Tuesday, February 17, 2009

It's So Easy, Even Nothing Can Do it


AAAS: 'One hundred billion trillion' planets where alien life could flourish

One hundred billion trillion. That's even more than the spending package congress just passed.

Alan Boss, of the Carnegie Institution in Washington DC, said there could be as many Earths as there are stars in the universe - one hundred billion trillion.

Because of this, he believes it is "inevitable" that life must have flourished elsewhere over the billions of years the universe has existed.

"If you have a habitable world and let it evolve for a few billion years then inevitably some sort of life will form on it," said Dr Boss.

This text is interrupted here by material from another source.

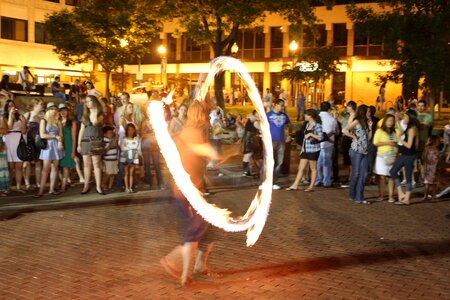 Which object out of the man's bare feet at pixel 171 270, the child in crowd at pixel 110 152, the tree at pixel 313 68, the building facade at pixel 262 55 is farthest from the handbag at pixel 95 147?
the building facade at pixel 262 55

"It is sort of running an experiment in your refrigerator - turn it off and something will grow in there.

"It would be impossible to stop life growing on these habitable planets."

Is this guy a scientist? How can you compare life forming on a planet somewhere in the universe to an unplugged refrigerator? Life already exists in and around the fridge so it's not such a big deal to find it growing and multiplying in the now warmer microclimate of the warm fridge. That's vastly different than life forming in the universe when none had yet existed. Slightly different circumstances those.

Life from non-life. That's about as big a jump as the universe exploding out of nothing. It's not a gap we can bridge.

I'm not saying it is impossible for there to be life out there of some sort or another - I don't know, and neither do they - but it didn't just spontaneously form on it's own. Give the Creator His due.